Fig. 1: Transition metal-catalyzed C–H activation via cyclometallation.
figure 1

a The activation of C–H bonds at different position to the coordinating atom of directing groups is faced with varying levels of difficulty. γ-C–H bonds are the most easily activated via 5-membered metallacycles, while the activation of proximate β-C–H bonds via highly-strained 4-membered metallacycles is extremely challenging. b Only scarce examples on β-C–H bond activation via 4-membered metallacycles have been reported, and all of them rely on precious metals such as Pd, Rh, and Ru. c Proposed secondary β-C(sp3)–H bond activation: PO-ligated Ni–Al bimetal-catalyzed C–H bond activation via 4-membered nickelacycle. d 3d-Transition metal-catalyzed secondary C(sp3)–H bond activation via 4-membered nickelacycle (this work). DG Directing group. M Metal catalyst. FG Functional group. PG Protecting group.
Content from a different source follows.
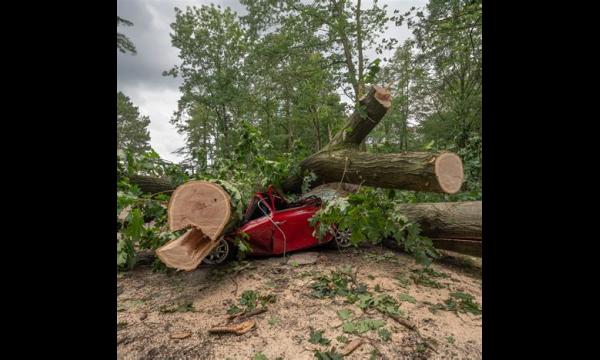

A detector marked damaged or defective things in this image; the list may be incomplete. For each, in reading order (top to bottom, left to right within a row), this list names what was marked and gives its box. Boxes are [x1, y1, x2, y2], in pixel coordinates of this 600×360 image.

Here, we show a 3d metal-catalyzed unreactive benzylic secondary β-C(sp3)–H bond activation via 4-membered nickelacycles, providing a series of α,β-unsaturated γ-lactams in up to 97% yield through a [3 + 2] cycloaddition of two C–H bonds of formamides with alkynes (Fig. 1d). In the reaction, a phosphine oxide (PO)-ligated Ni–Al bimetallic catalyst plays a crucial role in controlling catalytic reactivity and site-selectivity via the formation of a well-stabilized bicyclic nickelacycle. Preliminary experimental evidence and density functional theory (DFT) calculations reveal that the formyl C–H activation proceeds via ligand-to-ligand H transfer pathway, and the alkyne insertion into 4-membered nickelacycles is a turnover-limiting step of the reaction.


Reaction optimization

N-benzylformamides (1a) and oct-4-yne (2a) were selected as model substrates on the basis of the following considerations: (1) formamides have proved to be good model substrates for acyl group-directed Ni-catalyzed γ-C–H bond activation55,56,57,58,59; (2) to eliminate the interference of more reactive γ- or δ-C(sp3)–H bonds, benzyl group containing only two secondary β-C(sp3)–H bonds was selected as a N-substituent; (3) a removable bulky 2,4,4-trimethylpentan-2-yl (TP) group was selected as another N-substituent to promote β-C(sp3)–H bond activation by steric repulsion and prevent from hydrocarbamoylation side reaction. Through systematic examination on various PO ligands, Al-based Lewis acids and other reaction parameters (Table 1), the optimal condition was eventually achieved: 10 mol% Ni(cod)2, 10 mol% tert-butyl diamine-derived PO (tBu-DAPO), and 40 mol% AlEt3 at 120 °C. Under which, the desired product 3a can be obtained in 81% yield (entry 1), proving that Ni–Al bimetallic catalyst can effectively promote the formation of 4-membered nickelacycles. Control experiments revealed that the combination of Ni(cod)2, tBu-DAPO, and AlEt3 was crucial, and the removal of any of them would inactivate the reaction (entries 2 and 3). Other Ni sources (entries 4 and 5) and traditional ligands such as phosphines (entries 6–8) and N-heterocyclic carbenes (entries 9 and 10) led to poor results. In addition, the reaction was rather sensitive to the structure of PO ligands, for example, other PO ligands gave either no products or low yields (entries 11–16), meaning an extremely narrow range of ligands. The superior reactivity of tBu-DAPO may be ascribed to the presence of two bulky tert-butyl groups that would affect the cone angle of phosphine ligand. Notably, the replacement of AlEt3 by other Lewis acids also resulted in low yields (entries 17–20), suggesting that the reactivity was also highly dependent on the structure and the acidity of Al-based Lewis acids.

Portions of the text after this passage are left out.